Однажды Соснора устроил нам экскурсию по Комаровскому кладбищу. Он переходил от одной могилы к другой и рассказывал о тех, кто здесь лежит. Выяснилось, что он знал если не всех, то очень многих — Ахматову и Альтмана, Гитовича и Гора, и о каждом ему было что рассказать.

Опять удивляла интонация. Медь, как всегда, присутствовала, но преобладала теплота. Здесь он был вместе с хорошо знакомыми людьми, и в общем-то не имело значения, что их нет на свете. По крайней мере, когда он о них вспоминал, они вроде как участвовали в разговоре.

Этот наш поход отчетливо вспомнился тогда, когда я смотрел фильм питерского режиссера Владимира Непевного о Сосноре. В нем есть эпизод на Комаровском кладбище. С бутылкой водки в руках Виктор Александрович переходит от могилы к могиле и на каждую выливает немного живительной влаги. Странный ритуал, напоминающий о черных мессах, он сам называет «выпивать с мертвыми».

Впечатления от увиденного тогда и сейчас были похожи. Уж больно близки его отношения с запредельным миром! Впрочем, могло ли быть иначе? Наша прогулка по кладбищу случилась в восемьдесят четвертом, а в восемьдесят первом Соснора пережил клиническую смерть и потерял слух. О своей жизни после он написал так: «…живу посмертно и воспринимаю это как переходный период между смертью прошлой и будущей».

Слева направо (сидят): Ю. Халупович, Л. Агеев, Г. Гампер, (стоят) Л. Халупович, В. Халупович, В. Соснора, Г. Шальман. Комарово, 1978Слева направо (сидят): Ю. Халупович, Л. Агеев, Г. Гампер, (стоят) Л. Халупович, В. Халупович, В. Соснора, Г. Шальман. Комарово, 1978© Из архива Гриты Шальман

Вот что это было. Ощущение принципиально нового опыта. Немногим удалось побывать там и вернуться обратно.

Через несколько месяцев после его операции мы встретились на Невском, и я узнал о том, что произошло в эстонской больнице. Голос у него был веселый и звонкий. Пальцами Виктор Александрович показал размер ткани («величиной в солдатский ремень», — сказал он), которую у него удалили.

Легкомысленный тон следует отметить особо. Именно в этом проявилась порода. Как уже говорилось, Соснора вырос рядом с цирковыми артистами. Ходить по проволоке, натянутой на смертельной высоте, для его отца было занятием привычным и ежедневным.

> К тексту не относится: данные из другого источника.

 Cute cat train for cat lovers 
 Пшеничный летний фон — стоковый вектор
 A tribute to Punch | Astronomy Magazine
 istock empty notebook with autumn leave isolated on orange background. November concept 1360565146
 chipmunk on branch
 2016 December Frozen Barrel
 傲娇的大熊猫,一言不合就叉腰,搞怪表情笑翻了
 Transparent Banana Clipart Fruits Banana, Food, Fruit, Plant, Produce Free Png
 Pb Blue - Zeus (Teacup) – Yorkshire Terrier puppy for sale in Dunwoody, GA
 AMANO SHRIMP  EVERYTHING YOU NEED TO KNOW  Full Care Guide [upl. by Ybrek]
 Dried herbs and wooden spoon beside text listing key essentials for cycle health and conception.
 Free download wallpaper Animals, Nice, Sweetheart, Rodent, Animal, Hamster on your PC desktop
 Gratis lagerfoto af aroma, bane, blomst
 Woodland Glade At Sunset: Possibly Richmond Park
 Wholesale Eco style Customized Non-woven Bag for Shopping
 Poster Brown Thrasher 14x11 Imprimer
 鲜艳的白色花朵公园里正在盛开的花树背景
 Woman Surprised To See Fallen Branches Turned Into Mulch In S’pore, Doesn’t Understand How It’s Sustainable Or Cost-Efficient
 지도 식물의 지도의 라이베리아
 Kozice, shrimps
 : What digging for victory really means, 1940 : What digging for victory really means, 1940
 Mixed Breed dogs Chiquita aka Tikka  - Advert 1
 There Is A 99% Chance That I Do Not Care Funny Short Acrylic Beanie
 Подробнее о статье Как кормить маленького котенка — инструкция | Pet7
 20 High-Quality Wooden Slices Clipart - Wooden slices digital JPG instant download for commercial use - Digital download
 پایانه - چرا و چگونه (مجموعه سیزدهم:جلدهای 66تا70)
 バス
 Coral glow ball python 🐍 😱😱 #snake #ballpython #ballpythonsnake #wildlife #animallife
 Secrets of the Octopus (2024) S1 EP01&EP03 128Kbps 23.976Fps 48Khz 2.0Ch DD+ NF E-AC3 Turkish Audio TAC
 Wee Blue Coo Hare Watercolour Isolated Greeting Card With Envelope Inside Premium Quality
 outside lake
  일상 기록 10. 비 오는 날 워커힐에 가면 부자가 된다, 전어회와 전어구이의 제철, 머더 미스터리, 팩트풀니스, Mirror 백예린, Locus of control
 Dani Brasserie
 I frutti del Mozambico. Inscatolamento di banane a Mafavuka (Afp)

Во время той встречи на Невском я впервые понял, что моя речь до него не доходит. Он и раньше предпочитал больше говорить, чем слушать, а глухота окончательно превратила его в гуру. Теперь быть его собеседником значило стать свидетелем его монологов.

Чтобы немного отвлечься от непростых обстоятельств его жизни, хочется вспомнить что-то веселое. Хотя бы такой разговор. В начале восьмидесятых я писал кандидатскую диссертацию о Мейерхольде, и несколько раз мы говорили о творчестве режиссера.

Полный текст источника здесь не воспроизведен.